When I read the sample project of convolutionFFT2D, I found that when the matrix size is 10001000, the GPU time is 7.44ms(134.33Mpix/s), while I change the matrix size to 20002000, and the pad size also be multiple of 1024, the GPU time rise to 44ms rapidly and the computing ability is only 90.7Mpixs/s, I tried to change the grid and block parameter, but no obvious effect in improve the computing ability to more than 100Mpixs/s. So I want to know the reasons affecting the computing ability, and what should I do to get some improvement?

The first factor is general: for power-of-two signal sizes total number of memory/math operations is O(W * H * log2(W * H) ), so specific work per signal element is O(log2(W * H)) – increases as the sizes increase. log2(4M) / log2(1M) == 1.1; 10% more operations per signal element.

The second factor is CUFFT and CUDA-specific: there are different kinds of memory in CUDA. Thanks to fast on-chip shared memory, the elementary in-shared memory 1D transformations do not involve intermediate global memory loading and storing at all.

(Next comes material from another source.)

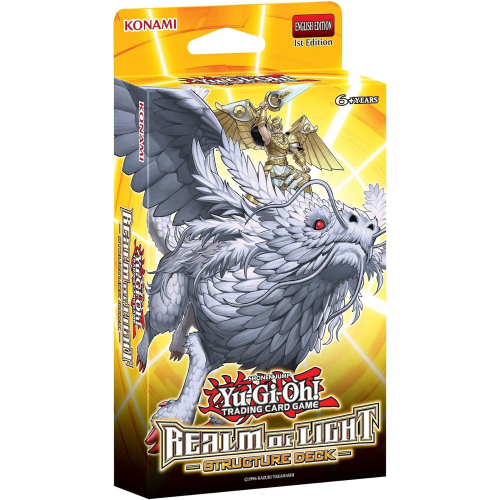 Yu-Gi-Oh!: Realm Of Light - ENG 06-001-0106 Konami Konami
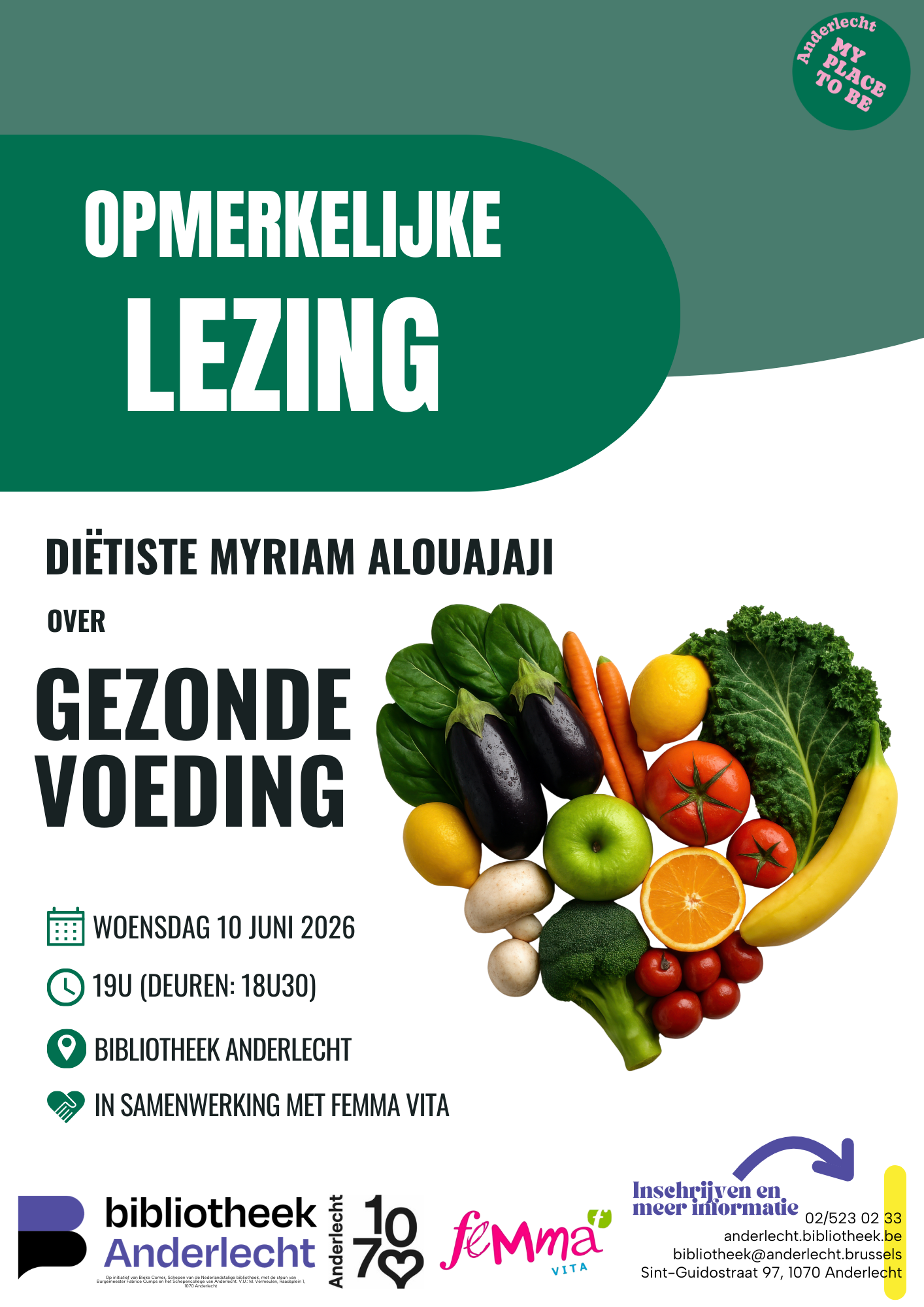 Opmerkelijke Lezing: Healthy eating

But the maximum that G80’s shared memory can fit is 1024 complex elements (in the case of power-of-two vectors).

Transformations of larger power-of-two-sized vectors are combined from the ‘elementary’ 1024-point transformations: first the same elementary kernel is invoked on the elementary subvectors of the large input vector, next a “finalizing” kernel is invoked, reading and writing the whole vector from/to global memory at each iteration.

Very long 1D vectors (up to 8M points) are processed by means of Cooley-Tukey decomposition.